There’s that phrase I hate, and I’ve got this really hot take about it: it’s all over the internet these days, and I hate it. “But why, Slade? What’s so wrong with it,” you ask. Well, it’s a barrier to entry for your customers. The more hoops you add between you and your customers, the less likely they are to purchase your product. If you obfuscate your pricing, more would rather walk away than talk to you. In most cases, they have a budget in mind and are just looking for the fastest and most cost-effective solution. They don’t have time, nor want, to talk.
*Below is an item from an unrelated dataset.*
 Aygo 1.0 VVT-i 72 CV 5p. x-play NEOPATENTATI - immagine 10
I’ve run into this a few times in my short time doing freelancing since I graduated high school. Back when I was first doing email for my domain, I shopped around for more “enterprise-y” solutions for email–including hosting on my own servers–because I didn’t want to “just get Gmail.” I ended up doing just that because of all this “contact sales for pricing” bullshit scattered across the internet.
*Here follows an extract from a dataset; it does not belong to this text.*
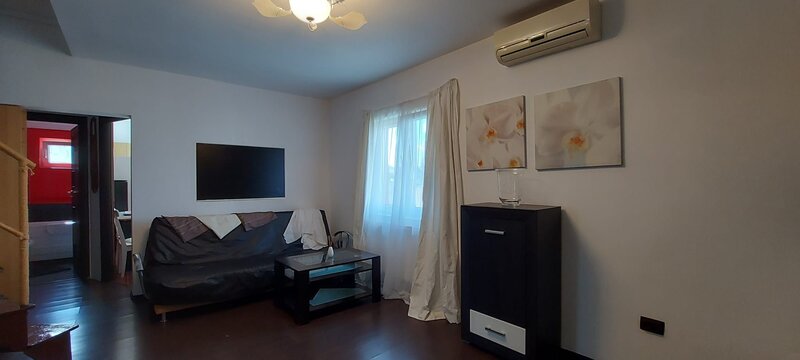 Brancoveanu, inchiriere apartament penthouse camere 10 min. metrou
There are times where, of course, it makes sense to put a human on the other end of the line. More recently, when I was shopping around for an organization to work with in the D.C. area to move my servers from Albany, NY, to Washington, D.C., I had a strict set of requirements that “required” me to talk to someone. I went back and forth for months. The funny thing is that I didn’t even have to negotiate pricing–that was a flat rate that I thought was fair–but I had to give them all this really detailed information over email before even having the OPPORTUNITY to utilize their services.
They needed to know what I needed, how I needed it done, and frankly all of those things could have just been done in a sign-up flow. I wasted hours of people’s time (including my own) giving them this information that they could have gotten quicker if there was just a quick questionnaire to fill out. (Even funnier: the day I signed the contract, I was in D.C. I could’ve just stopped by their office and did everything there, it was that tedious. )
Why was any of that grunt work and back-and-forth even necessary, anyway?
Companies that insist on doing all this grunt work to hinder customers from buying their products will always baffle me. 37signals semi-recently launched Campfire, a service you buy one time and host yourself. They don’t require this song and dance with an “Account Manager” or “Representative” or some other god damn person to buy any products or services from them–you just fill out your information and you’re done. If a company their size can do this in the tech industry efficiently with next to no one babysitting sign-ups, anyone can.
The fact of the matter is, your “Accounts” staff are better off spending their limited time dealing with new and existing customers, not “potential” customers that you have to screen in. Until Congress or other legislative bodies step in and end this really awful practice of hiding products behind this “Contact sales for pricing” bullshit, it will continue. I think that’s stupid. Be transparent, offer a public-facing form to fill out that generates a quote and/or put your pricing on the internet.
Or just be content with losing customers. You do you, I guess. But my advice is to stop wasting everyone’s time.